(Supplied records)

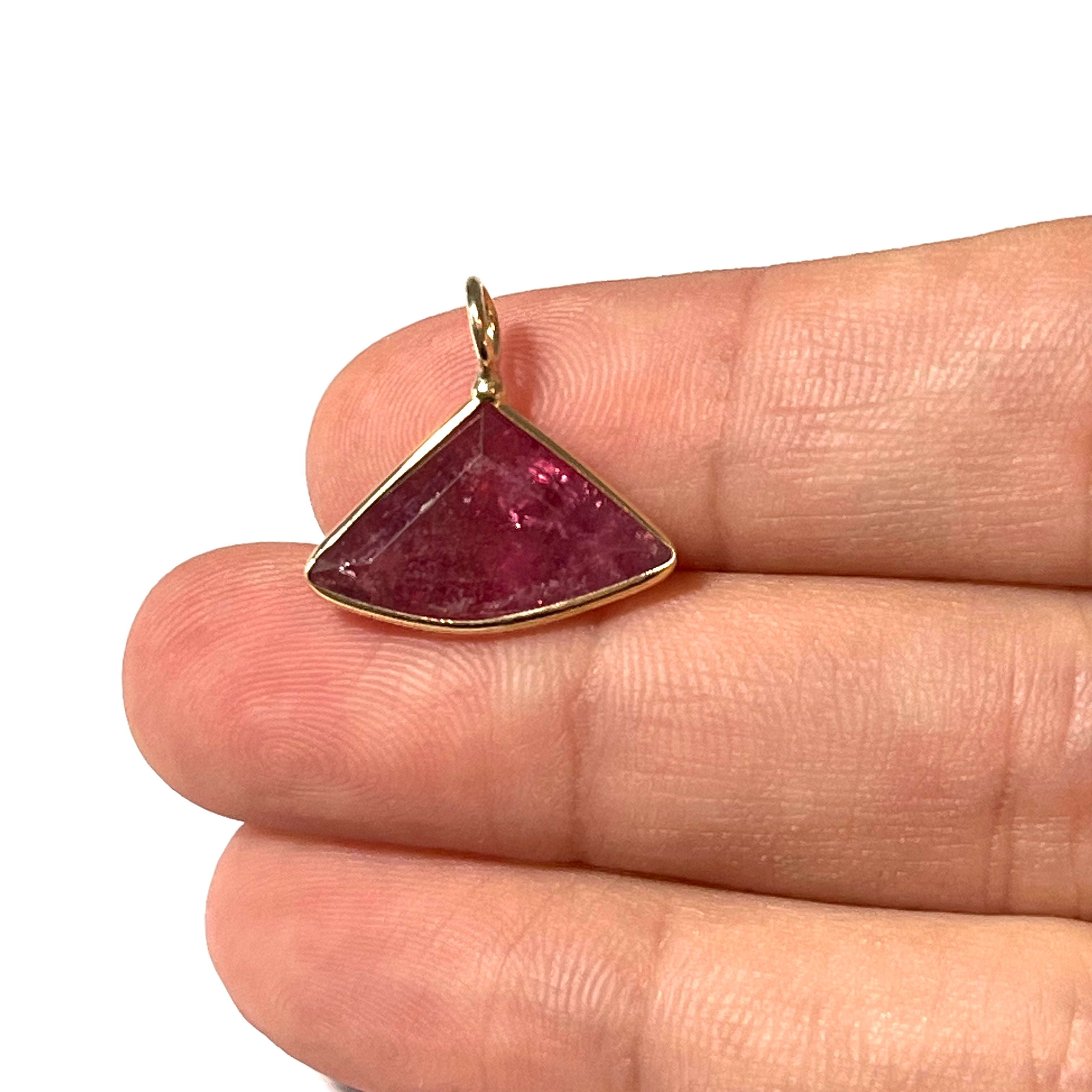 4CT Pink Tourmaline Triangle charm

(End Supplied records)
(Supplied records)

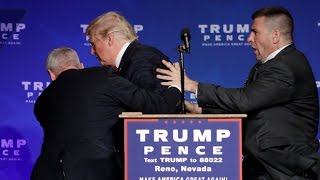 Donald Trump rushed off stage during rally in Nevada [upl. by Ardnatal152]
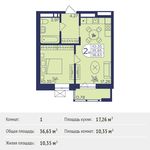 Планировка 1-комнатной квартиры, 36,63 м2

(End Supplied records)

> **Work task**: Working from the data above, repeat exactly, and only, the lines that begin at the line containing "Donald Trump rushed" and stop after the line containing "Планировка 1-комнатной квартиры, 36,63 м2"; pictures are not copied.

> **Answer box**:
 Donald Trump rushed off stage during rally in Nevada [upl. by Ardnatal152]
 Планировка 1-комнатной квартиры, 36,63 м2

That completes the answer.